All rats had a motor score of zero, indicating no weight bearing (36). On the day of the experiment, a latex balloon attached to a Tygon catheter (fashioned in our laboratory) was inserted 7-8 cm into the colon through the anus and secured by taping the catheter to the base of the tail (2). Conducting gel was placed on standard TENS electrodes, and the electrodes were placed bilaterally from T12 to S3 and secured with an elastic bandage. Subsequently, the rats were placed unrestrained in their home cage (with free access to water). The animals were allowed to adapt to the laboratory environment for 1 h to ensure a stable hemodynamic condition. After all variables obtained a steady state, pre-TENS baseline values were recorded over a 15-s interval.
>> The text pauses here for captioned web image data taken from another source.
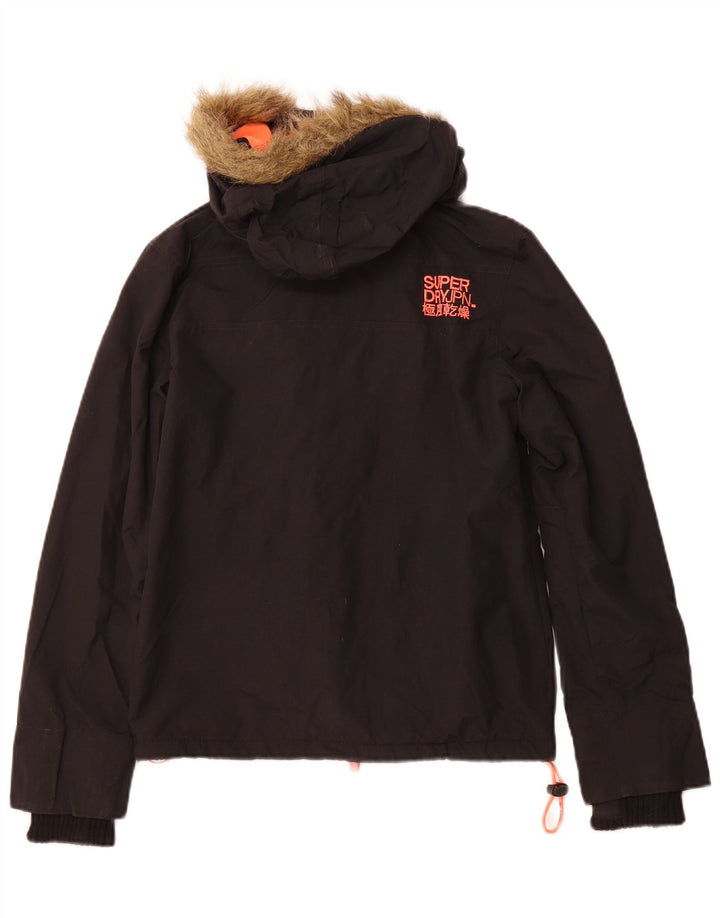 SUPERDRY Damen The Windcheater Windjacke UK 10 Small Schwarz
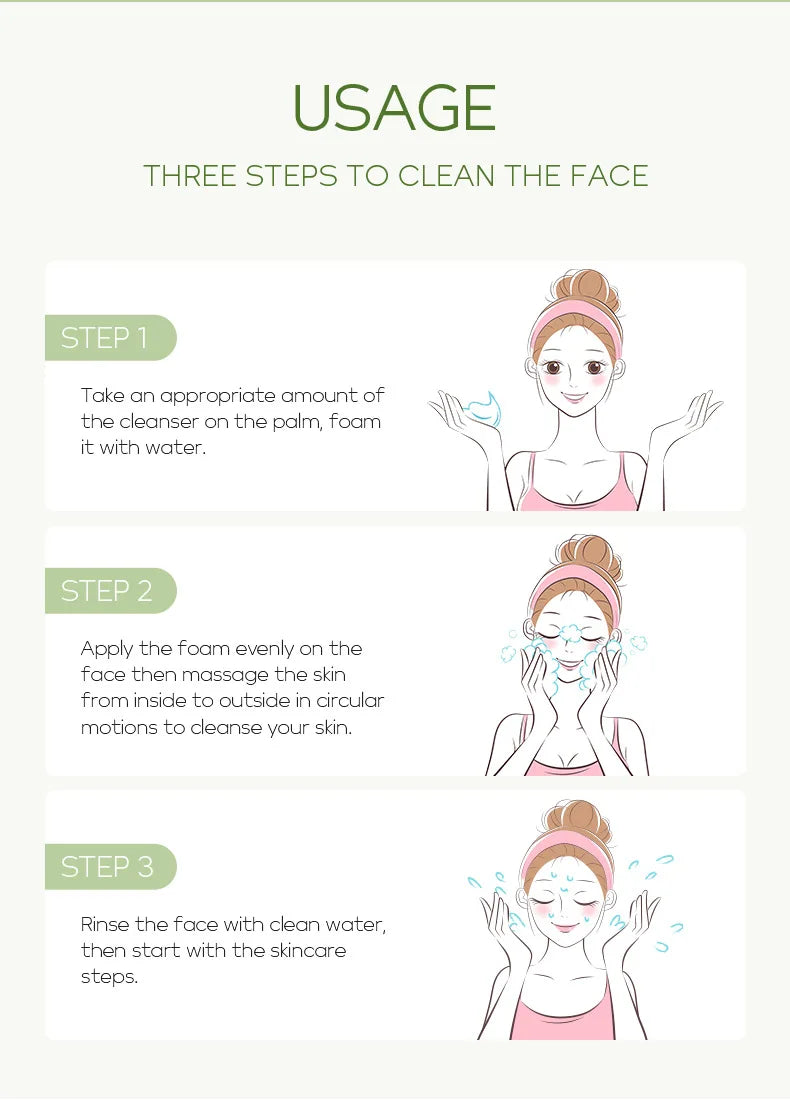 Vitamin C Facial Cleanser Skin Deep Cleansing Moisturizing Blackhead Removal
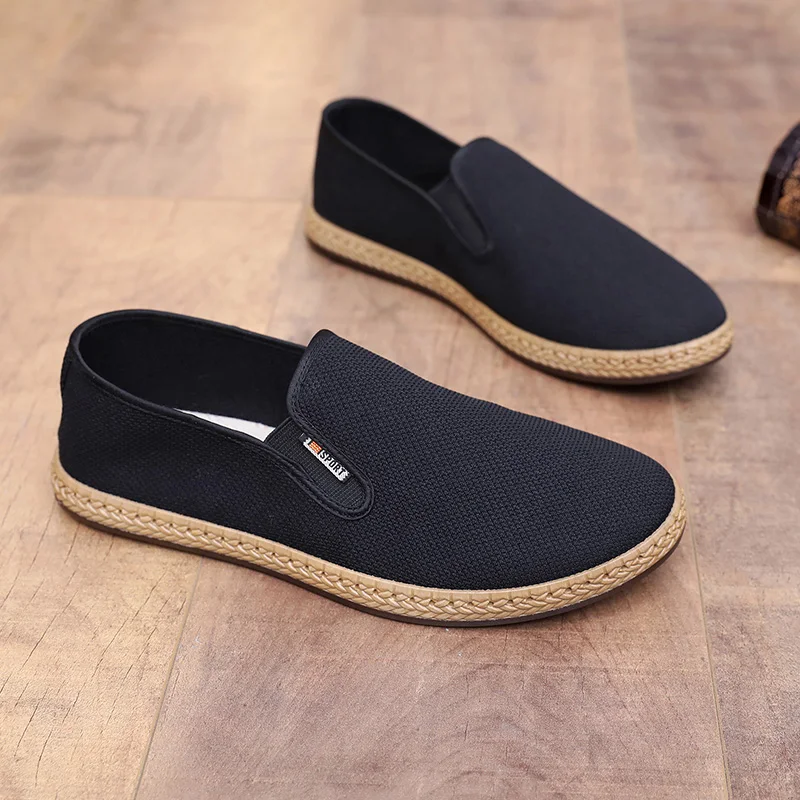 New men's simple breathable shoes lightweight casual shoes soft sole anti-skid soft comfortable slip-on lazy shoes thumbnail 6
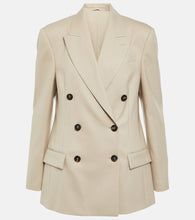 Brunello Cucinelli Double-breasted wool blazer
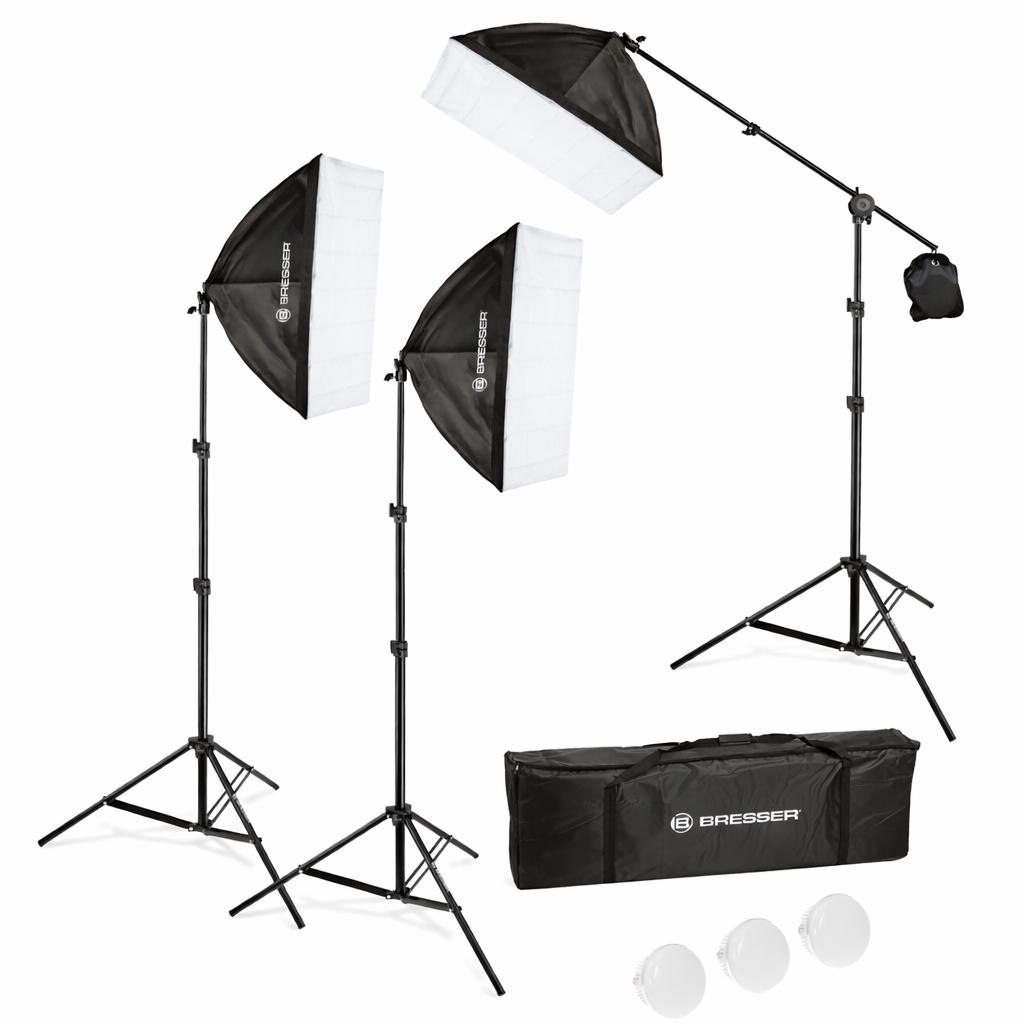 Ensemble de studio photo professionnel Bresser System, Enlèvement ou Envoi, Comme neuf, Studio photo complet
Subsequently, the procedure for colon distension was performed.
Colon distension curves were generated before and during TENS on the
same day. To generate colon distension curves, a handheld manometer was
used to inflate the balloon to pressures of 10, 30, 50, and 80 mmHg
(2). These pressures are well within the physiological
range of pressures recorded in conscious humans (30).
Distension pressures were applied in a randomized order, maintained for
60 s, and repeated twice at each pressure level at 5-min
intervals. Control levels of arterial pressure and heart rate were
averaged over 15 s immediately before inflation of the balloon.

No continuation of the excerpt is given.